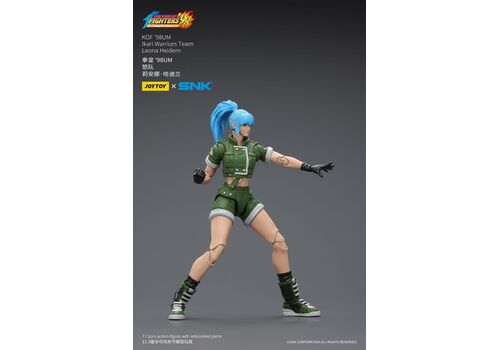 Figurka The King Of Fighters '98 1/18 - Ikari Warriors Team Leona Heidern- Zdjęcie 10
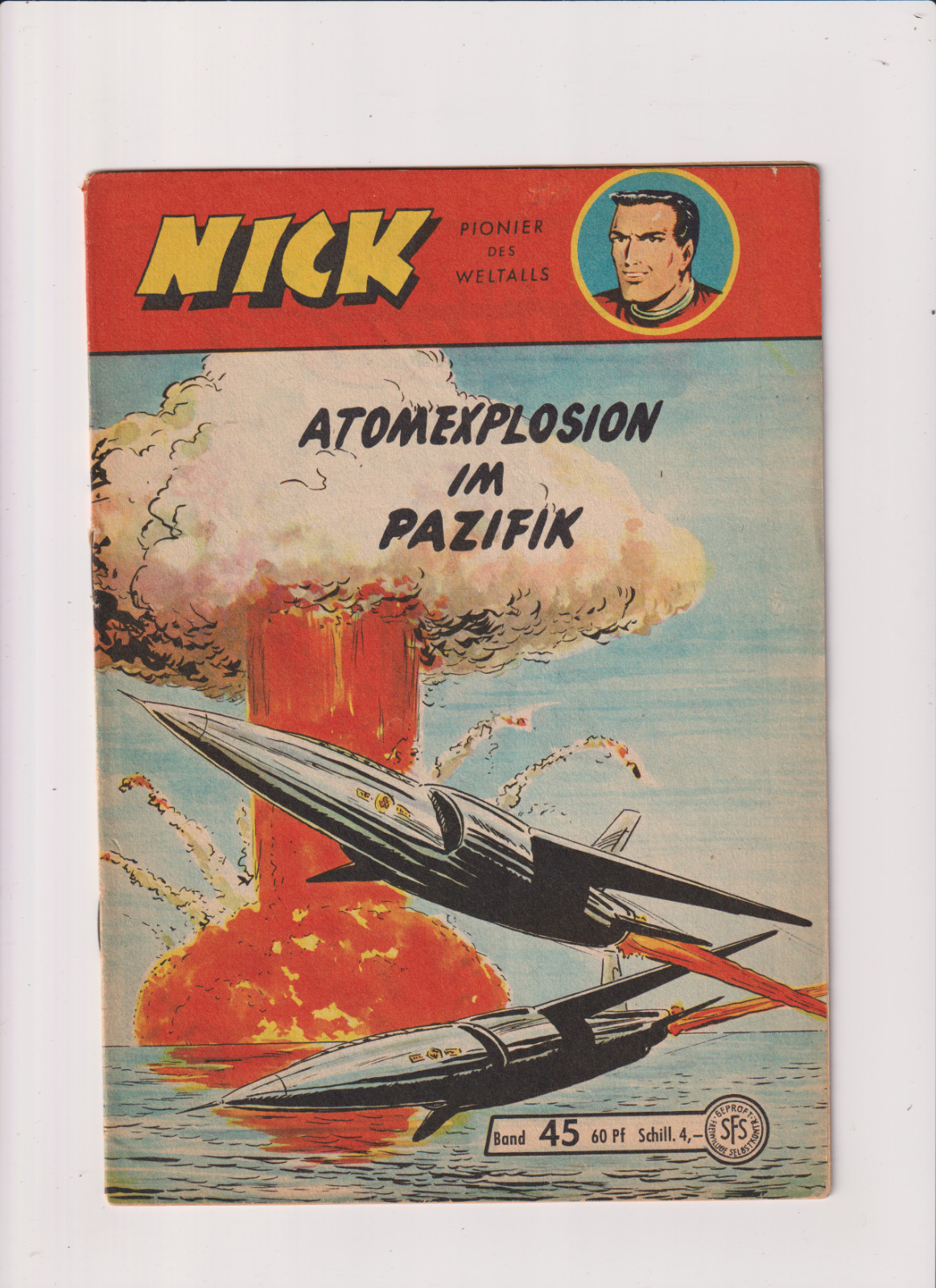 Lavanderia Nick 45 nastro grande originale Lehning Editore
...
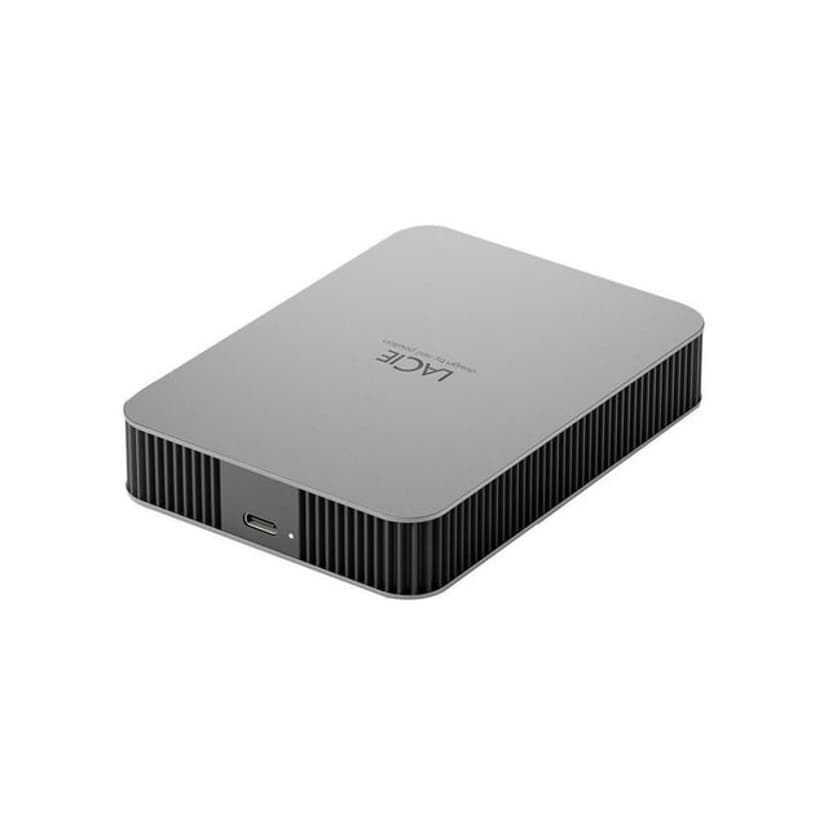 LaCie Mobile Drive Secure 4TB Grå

*Activity*.
Within the listing above, the lines starting at the one containing "Figurka The King" and ending at the one containing "Lavanderia Nick 45" are to be returned exactly. Omit the pictures.

*Reply to the exercise*.
 Figurka The King Of Fighters '98 1/18 - Ikari Warriors Team Leona Heidern- Zdjęcie 10
 Lavanderia Nick 45 nastro grande originale Lehning Editore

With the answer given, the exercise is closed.